Make It Work! (A Baby Quilt By Accident.)

It's adorable...but it's not a kaleidoscope.
It’s adorable…but it’s not a kaleidoscope.

You know how it is when you fall in love with a quilt pattern and you HAVE TO MAKE IT RIGHT NOW?

That happens to me all the time.

I recently came across this pattern in an old Love of Quilting magazine. It’s an antique kaleidoscope pattern created from a quilt at the International Quilt Study Center, which is the coolest place on earth, by the way.

Gorgeous, right?
Gorgeous, right?

If you love it as much as I do, you should give it a shot, but before you do, learn from my experience and know this:

1. It’s paper-piecing, which I love but some people definitely do not
2. There are no curved seams, which some people love but I definitely do not (so yay!)
3. The lights and darks matter way more than you think they do

Let’s talk about that third thing. See my quilt up there? Compare it to the quilt from the illustration. I ain’t gettin’ no kaleidoscope in my quilt, am I? No, I am not. As I was making blocks, I really thought I was in the clear. I thought the lights I was using were light enough that they would be in contrast — albeit low — to the darks I had selected. I LOVED all my fabrics. I LOVED making the blocks. I thought I was good.

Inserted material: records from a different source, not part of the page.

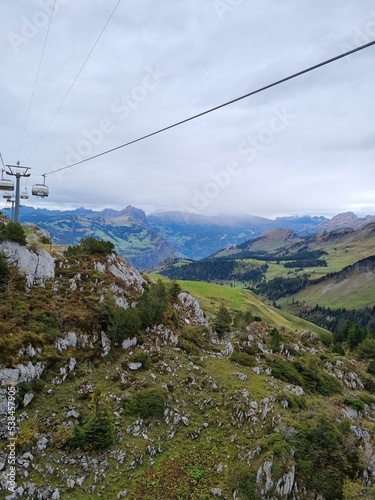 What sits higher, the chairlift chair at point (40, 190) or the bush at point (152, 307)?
the chairlift chair at point (40, 190)

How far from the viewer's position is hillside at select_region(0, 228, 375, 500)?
22.8 meters

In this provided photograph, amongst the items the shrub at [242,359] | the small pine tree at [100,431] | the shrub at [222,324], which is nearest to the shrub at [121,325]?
the small pine tree at [100,431]

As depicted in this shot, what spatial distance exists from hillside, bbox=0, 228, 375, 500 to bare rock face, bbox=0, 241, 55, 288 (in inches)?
12.1

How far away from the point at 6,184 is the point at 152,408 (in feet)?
105

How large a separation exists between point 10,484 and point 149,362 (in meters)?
16.8

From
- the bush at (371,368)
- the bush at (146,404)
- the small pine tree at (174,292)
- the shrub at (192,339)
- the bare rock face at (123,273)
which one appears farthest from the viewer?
the bush at (371,368)

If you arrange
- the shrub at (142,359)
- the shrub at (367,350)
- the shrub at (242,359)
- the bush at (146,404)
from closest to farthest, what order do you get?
the bush at (146,404), the shrub at (142,359), the shrub at (242,359), the shrub at (367,350)

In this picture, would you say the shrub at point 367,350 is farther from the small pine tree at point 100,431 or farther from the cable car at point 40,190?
the cable car at point 40,190

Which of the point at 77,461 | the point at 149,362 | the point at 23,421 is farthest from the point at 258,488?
the point at 23,421

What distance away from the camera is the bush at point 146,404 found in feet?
91.8

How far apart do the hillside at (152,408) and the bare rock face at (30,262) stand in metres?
0.31

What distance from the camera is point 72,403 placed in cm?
2736

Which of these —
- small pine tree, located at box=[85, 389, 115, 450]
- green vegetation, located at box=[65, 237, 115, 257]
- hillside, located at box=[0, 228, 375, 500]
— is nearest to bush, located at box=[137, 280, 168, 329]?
hillside, located at box=[0, 228, 375, 500]

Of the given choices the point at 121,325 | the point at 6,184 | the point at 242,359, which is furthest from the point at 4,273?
the point at 242,359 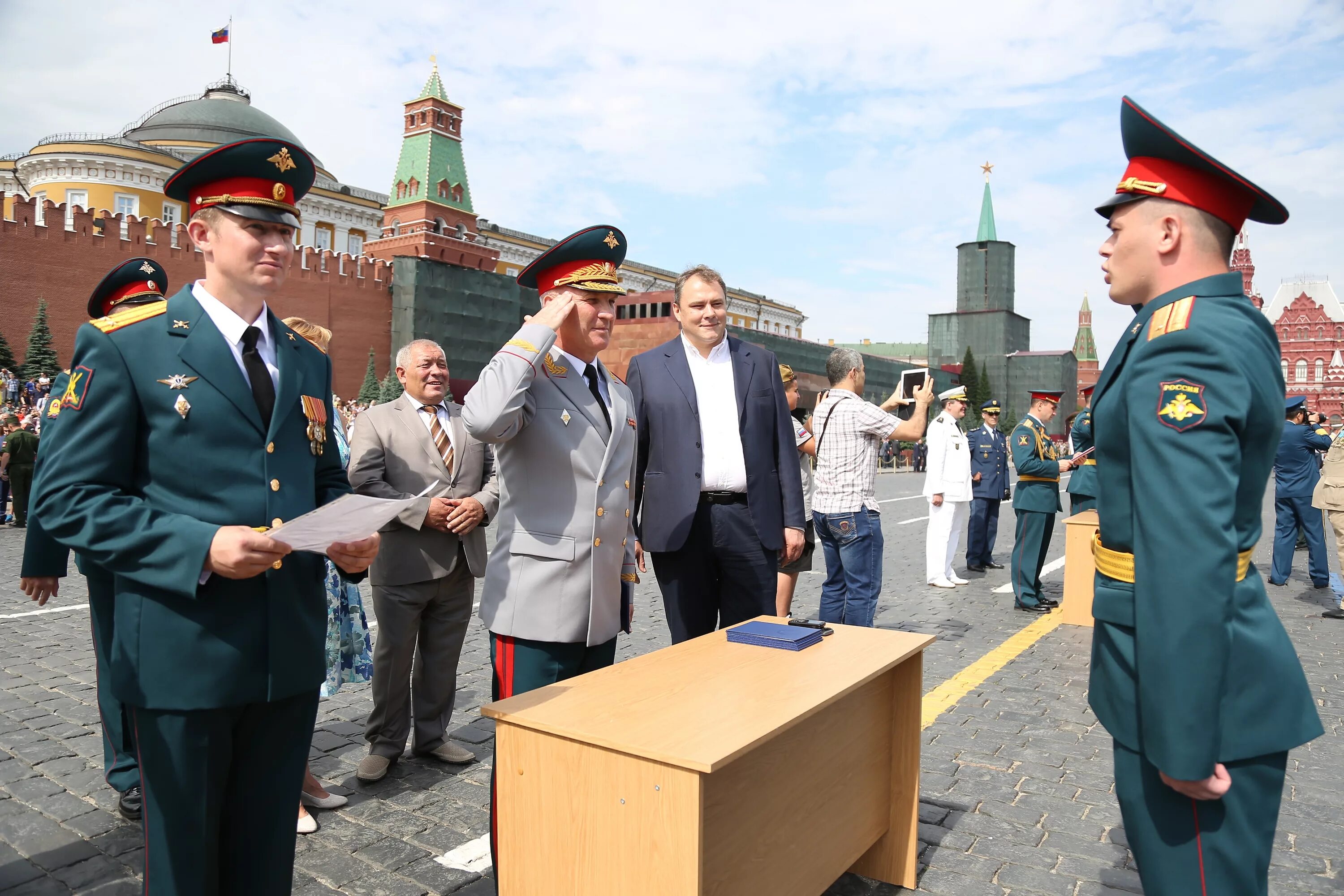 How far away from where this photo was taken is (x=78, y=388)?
2.02 meters

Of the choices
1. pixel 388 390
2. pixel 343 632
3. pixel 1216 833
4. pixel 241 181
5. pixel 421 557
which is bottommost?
pixel 343 632

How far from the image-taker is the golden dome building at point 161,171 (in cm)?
5081

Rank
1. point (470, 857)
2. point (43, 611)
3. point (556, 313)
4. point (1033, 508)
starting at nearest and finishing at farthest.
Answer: point (556, 313) → point (470, 857) → point (43, 611) → point (1033, 508)

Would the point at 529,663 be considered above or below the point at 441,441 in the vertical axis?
below

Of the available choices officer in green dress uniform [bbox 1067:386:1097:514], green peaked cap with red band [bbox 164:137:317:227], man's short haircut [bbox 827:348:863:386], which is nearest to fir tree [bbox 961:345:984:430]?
officer in green dress uniform [bbox 1067:386:1097:514]

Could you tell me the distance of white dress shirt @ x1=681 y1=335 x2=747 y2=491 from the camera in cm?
396

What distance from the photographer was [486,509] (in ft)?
14.1

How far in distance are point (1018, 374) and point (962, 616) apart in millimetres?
91432

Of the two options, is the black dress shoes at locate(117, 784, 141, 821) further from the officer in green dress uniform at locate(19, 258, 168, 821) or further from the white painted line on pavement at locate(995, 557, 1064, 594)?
the white painted line on pavement at locate(995, 557, 1064, 594)

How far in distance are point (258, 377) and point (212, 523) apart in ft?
1.28

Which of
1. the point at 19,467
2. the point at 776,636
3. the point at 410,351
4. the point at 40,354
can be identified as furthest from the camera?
the point at 40,354

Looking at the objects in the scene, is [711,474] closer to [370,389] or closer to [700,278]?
[700,278]

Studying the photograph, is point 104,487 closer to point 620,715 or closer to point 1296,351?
point 620,715

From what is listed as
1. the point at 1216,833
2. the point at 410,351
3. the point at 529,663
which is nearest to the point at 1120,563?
the point at 1216,833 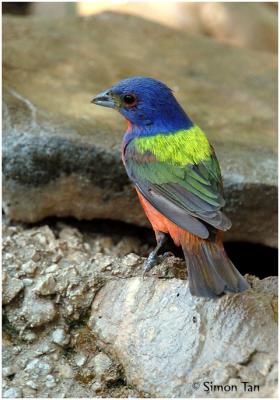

Then I laid out what I had on the floor of my apartment. Hm.

As you can see, this quilt is not giving me the look I want. But I had worked hours on it! What to do?? I could’ve ripped apart my blocks and set them to the side and taken a risk to continue with my quilt using new, higher-contrast fabrics and blended these blocks through. Depending on the size of my quilt (I was going for queen) this could work. Maybe.

But what I decided to do instead was finish up five or so of the blocks I was ready to make and call it a scrappy baby quilt. It’s still a very adorable little bit of patchwork…it’s just not gonna work for what I originally intended. In fact, it’s going to go into Quilty magazine in 2015, so you can make your own version and try to get that kaleidoscope look if you want.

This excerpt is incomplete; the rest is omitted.